Trotz seiner vielfachen Kompetenzen steht sein innovatives Vorhaben mit Strahlkraft für die gesamte FH noch auf wackeligen Füßen. Denn ohne Sarah Friede an seiner Seite hat er sprichwörtlich nur auf Sand gebaut. Denn die junge Architektin und frühere FH-Studierende hat den Grundstein für die ganze Initiative gelegt. In ihrer Masterarbeit bei FH-Professor Stephan Wehrig hat sie ein Krankenhaus auf Basis eines einzigen Standardmoduls entworfen; und der Prototyp soll im syrischen Homs aufgebaut werden (die LN berichteten).

„Das System ist so konzipiert, dass man mit diesen Modulbausteinen aus Gipsbetonplatten zig Krankenhäuser bauen kann. Das ist der Clou, dadurch wird es so günstig“, so Friede. Wodurch sich Rentzsch’

Kommentar „Das ist unsere Initialzündung, die alles Weitere nach sich ziehen wird“ erklärt.

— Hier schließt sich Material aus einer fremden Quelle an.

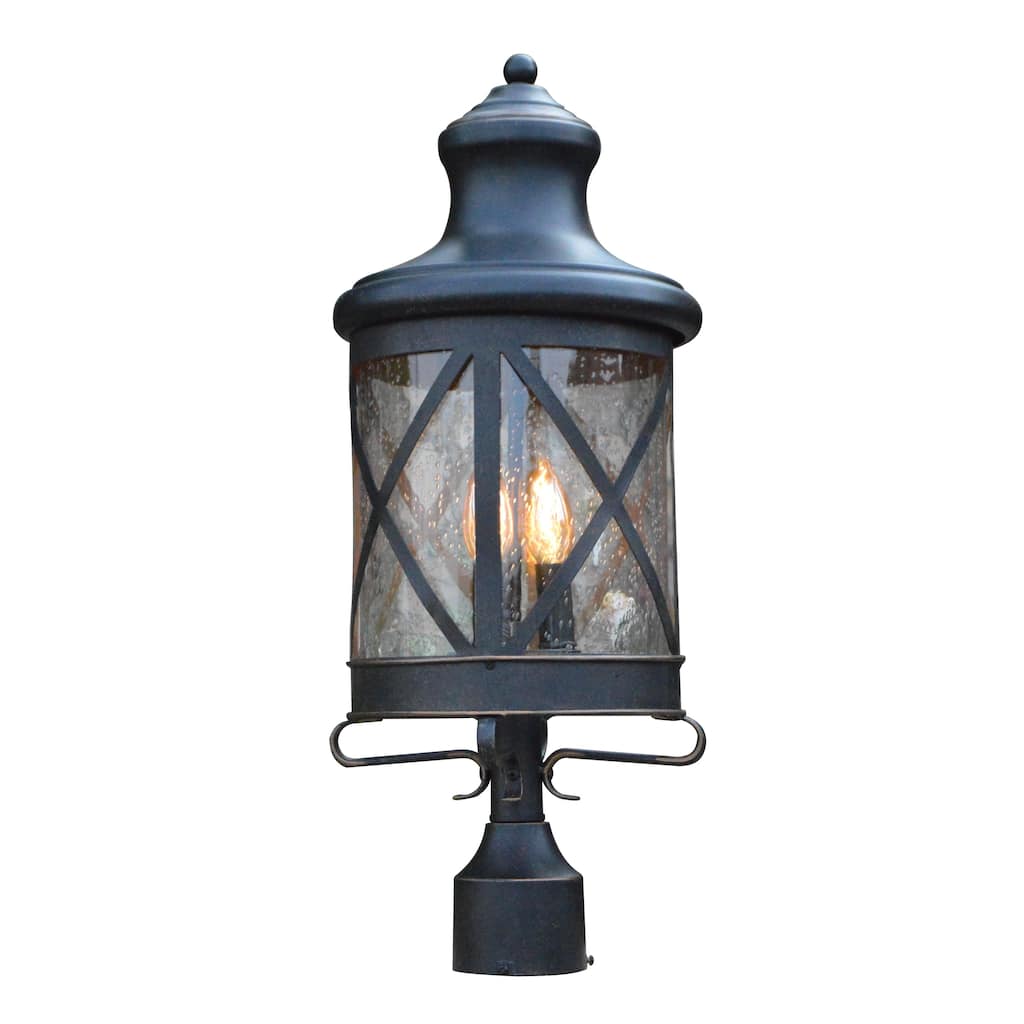 Taysom 3 Light Post Light in Oil Rubbed Bronze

Um Sarah Friede perspektivisch an den Campus binden zu können, soll in dem neuen FH-Institut extra für sie eine attraktive Koordinierungsstelle geschaffen werden. „Doch dafür brauchen wir eine Finanzzusage des Landes, die uns bisher leider nicht vorliegt“, kommentiert Prof. Klaus-Peter Wolf-Regett, Präsidiumsbeauftragter für Technologie- und Wissenstransfer. Er hofft aber auf ein baldiges Einlenken des Landes. „Denn dieses Vorhaben integriert letztlich alle Fachbereiche unserer Hochschule. So etwas hatten wir bisher noch nicht“, bemerkt er.

In dem Institut sollen in Zusammenarbeit mit der regionalen Wirtschaft sowie anderen Forschungseinrichtungen wie der benachbarten Universität Technologien entwickelt werden, die für das Thema Krisen- und Notfallhilfe erforderlich sind. „Laut WHO gibt es aktuell 21 Länder mit 69 Millionen Menschen, die in akuter medizinischer Not sind“, erklärt Oliver Rentzsch, „mit unseren Kompetenzen aus dem Bauwesen, der Wasserwirtschaft, der Medizintechnik et cetera können wir ein ganzes ,Hilfspaket’ zusammenstellen. Wenn das nicht ein großes Aushängeschild für Schleswig-Holstein ist . . .“

Das neue FH-Institut

Das „Institute for International Health Relief Management“ wurde im Sommer gegründet und soll die Kompetenzen der Fachhochschule Lübeck bündeln, um die Chancen in der Zusammenarbeit mit internationen Organisationen wie UN und WHO besser nutzen zu können. Bauwesen, Wasserwirtschaft, Medizintechnik und Gesundheitsmanagement entwickeln unter einem Dach Technologien, die für das Thema Krisen- und Notfallhilfe erforderlich sind.